Do you have standout meals that have etched their way into your memory?

As my spoon dips into the Khao Soi at Jaisungma, there’s a flash of recognition: the depth of flavour in this food reminds me of another meal long ago at Longrain.

Longrain, opened almost twenty years ago, was one of the first restaurants to latch onto the idea of communal dining, a long-accepted way of eating in many parts of the world that we were still catching up with. While its ’forced’ communal eating with strangers worked better in theory than practice, what did work was Longrain’s food. Each dish on its share plate menu was rich and vibrant, unstinting in the depth of flavour it delivered.

It’s the same punch-in-the-mouth intensity that we experience dining at Jaisungma.

Featuring the food of Northern Thailand, Jaisungma’s owner, Tom Sangsai, has come to the Gold Coast via Cairns, where his restaurant Samgasat was a runaway success.

Though his Gold Coast restaurant loosely carries the theme of ‘journeys’, it’s the food itself that tells the story of his homeland.

Over several meals, we navigate our way through the menu, beginning our journey with homemade Barramundi fish cakes. Plump, juicy and tender, the four cakes are topped with their own salad of chilli and shallots. Delicious!

Thai fish cakes are a familiar beginning to many Thai meals, however the menu diverges from there into less familiar territory. It’s an adventure to Chiang Mai, unfamiliar to many of us, without the Westernising influence we see in many Thai restaurants in Australia.

In Jaisungma, for the first time, we’re seeing authentic Northern Thai food with its depth and complexity of flavour still intact. What an adventure!

“We want people to have the food we would eat at home,” says Tom, referring to Gaeng Hung Lay (Northern Thai pork belly curry with cumin, ginger, tamarind and roasted peanut – a typical northern drier-style curry using pork, which is plentiful) and Larb Moo Chiangmai, punchy spiced minced pork, which we order on one of our visits, (available with or without offal and pork fat).

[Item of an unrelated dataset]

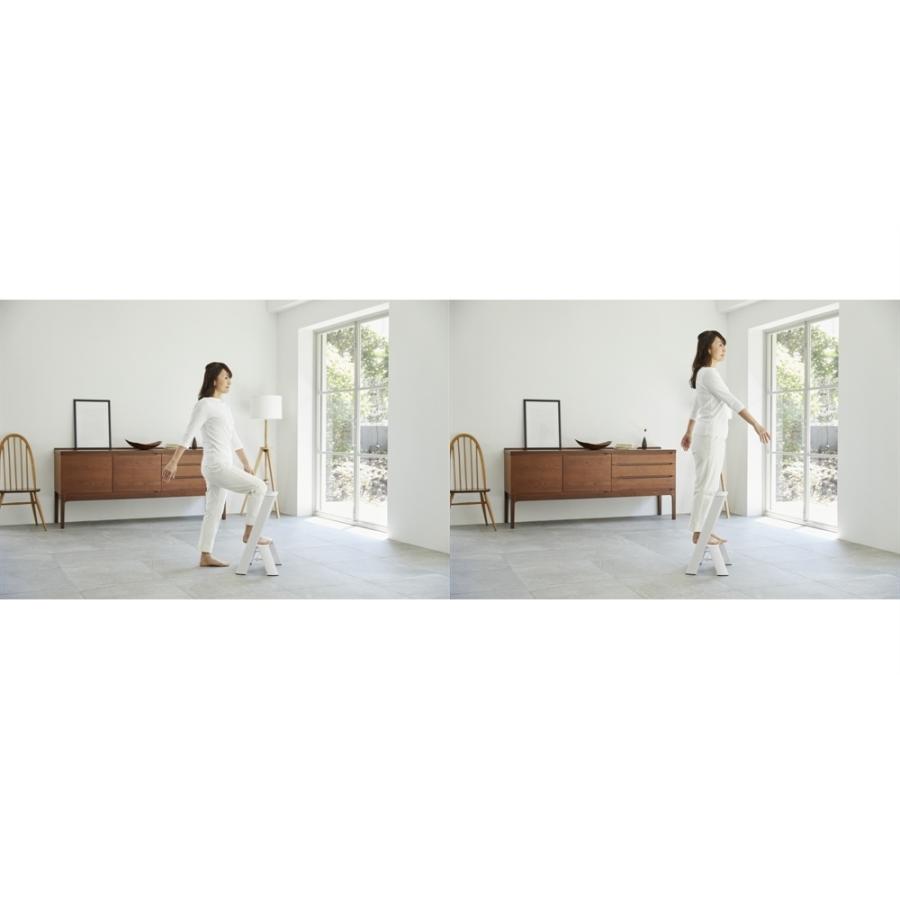 ミズノ ステッパー ルカーノフラージュホワイト 踏み台 軽量デザイン ミズノ ステッパー ルカーノフラージュホワイト 踏み台 軽量デザイン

However, I have other favourites, such as Khao Soi (Kow Soy), a coconut curry-based chicken noodle soup that is arguably Chiang Mai’s signature dish. Tom has a great version, the boneless milk-poached chicken served with soft noodles for lunch, or topped with crispy noodles and served with rice for dinner. It’s a dish that carries Burmese influences, its flavours so complex and intriguing that I’m later to dream about them!

Due to the mountainous terrain of Northern Thailand, our other dishes are used for celebration: tender juicy Beef short ribs (usually served as a whole cow at Northern Thai feasts), and Stir-fried king prawns with garlic, chilli, white pepper and coriander -spicy, salty, sweet and sour, mouth-puckering with the hint of a dark ferment.

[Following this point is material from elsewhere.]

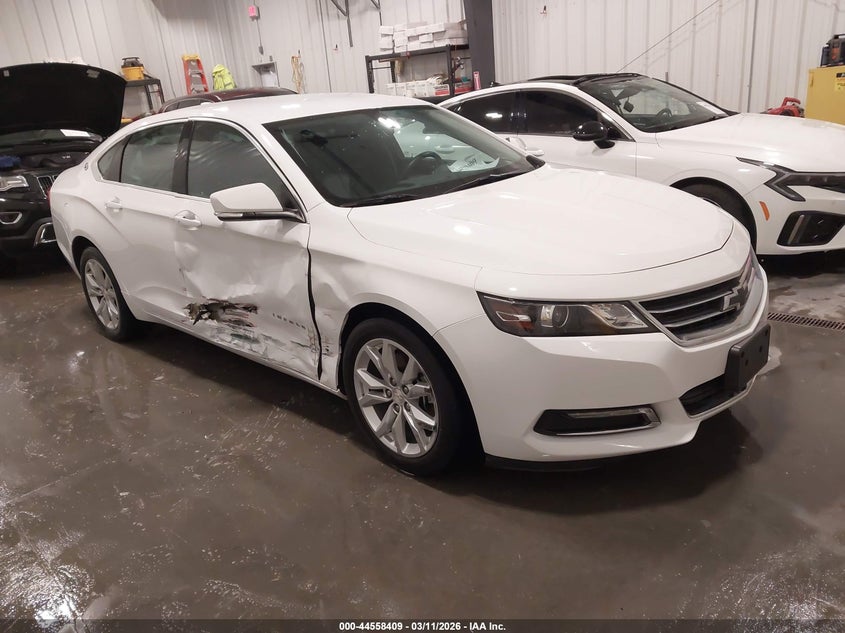 2020 CHEVROLET IMPALA FWD LT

The Crispy whole market fish of the day, a goldband snapper when we visit, arrives in glory on a silver platter topped with greens and a fresh, sweet and sour chilli tamarind sauce. After being filleted, the fish has been deep fried, each fillet pieced and cooked separately before being reassembled. It’s cooked to flaky perfection, and all four of us hoe in, taking pieces to eat with rice, ladling spoonfuls of the sticky sauce and salad over the top. It’s a feast!

“We all have to go to Chiang Mai,” says my son between mouthfuls. Too busy eating, we can only nod.

Perhaps that’s it… In taking this taste journey, we’re encouraged to venture further, to wade in, no stopping us.

Longrain in Sydney has now closed. But we will certainly be back to bask in the flavours of Jaisungma’s menu again: Slow-braised beef, Poached chicken and crab salad and of course Tom’s version of Som Tum of green papaya.  And yes, we’re considering a trip to Chiang Mai.

If there’s a metre for ‘tastiness’, then Jaisungma’s powerful fresh flavour combinations are off the charts. It’s like ramping up the colour of your shot when everyone else is using a wash filter.

‘Jaisungma’ – ‘my heart is telling you’, says Tom’s food. Somehow, everything else pales in comparison.

Shop 3/58 Brooke Ave., Chirn Park, Southport Qld 4215 Ph: 0473239883

Open: Thurs – Tues 11.30am – 2.30pm, 5pm – 10pm

GF is clearly marked on menu items. Mains: $15 – $25; BYO $2pp

NOTE: On one occasion, Good Food Gold Coast dined as a guest of Jaisungma’s.